Aunque el año 1919, el de mayor inquietud social en Occidente, contempló el fracaso de los únicos intentos de propagar la revolución bolchevique, y a pesar de que en 1920 se inició un rápido reflujo de la marea revolucionaria, los líderes bolcheviques de Moscú no abandonaron, hasta bien entrado 1923, la esperanza de ver una revolución en Alemania y en el frente Occidental.
Con la llegada de Stalin en el poder -1924- se estableció la disyuntiva entre la URSS, como un estado que necesitaba coexistir con otros estados —comenzó a obtener reconocimiento internacional como régimen político a partir de 1920—, o el movimiento comunista, cuya finalidad era la subversión y el derrocamiento de todos los demás gobiernos.
En último extremo, prevalecieron los intereses de estado de la Unión Soviética sobre los afanes de revolución mundial de la Internacional Comunista, a la que Stalin redujo a la condición de un instrumento al servicio de la política del estado soviético bajo el estricto control del Partido Comunista soviético, purgando, disolviendo y transformando sus componentes según su voluntad.
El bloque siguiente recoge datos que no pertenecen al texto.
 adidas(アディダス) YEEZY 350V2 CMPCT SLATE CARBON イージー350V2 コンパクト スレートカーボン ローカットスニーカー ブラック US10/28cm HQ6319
La revolución mundial pertenecía a la retórica del pasado. En realidad, cualquier revolución era tolerable con tal de que no fuera en contra de los intereses del estado soviético y de que éste pudiera controlarla.
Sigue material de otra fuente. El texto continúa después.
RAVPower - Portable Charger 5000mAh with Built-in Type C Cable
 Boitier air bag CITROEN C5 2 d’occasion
De este modo, en la URSS se sabía desde hacía mucho tiempo que la transformación de la humanidad no sobrevendría gracias a una revolución mundial inspirada por Moscú. Durante los largos años de ocaso de la era Brezhnev se desvaneció incluso la sincera convicción de Nikita Kruschev de que el socialismo «enterraría» al capitalismo en razón de su superioridad económica. Pero esas dudas no asaltaban a la primera generación de aquellos a los que la brillante luz de la revolución de octubre inspiró a dedicar sus vidas a la revolución mundial.
En suma, la revolución de octubre fue reconocida universalmente como un acontecimiento que conmovió al mundo. Las repercusiones indirectas de la era de insurrecciones posterior a 1917 han sido tan profundas como sus consecuencias directas.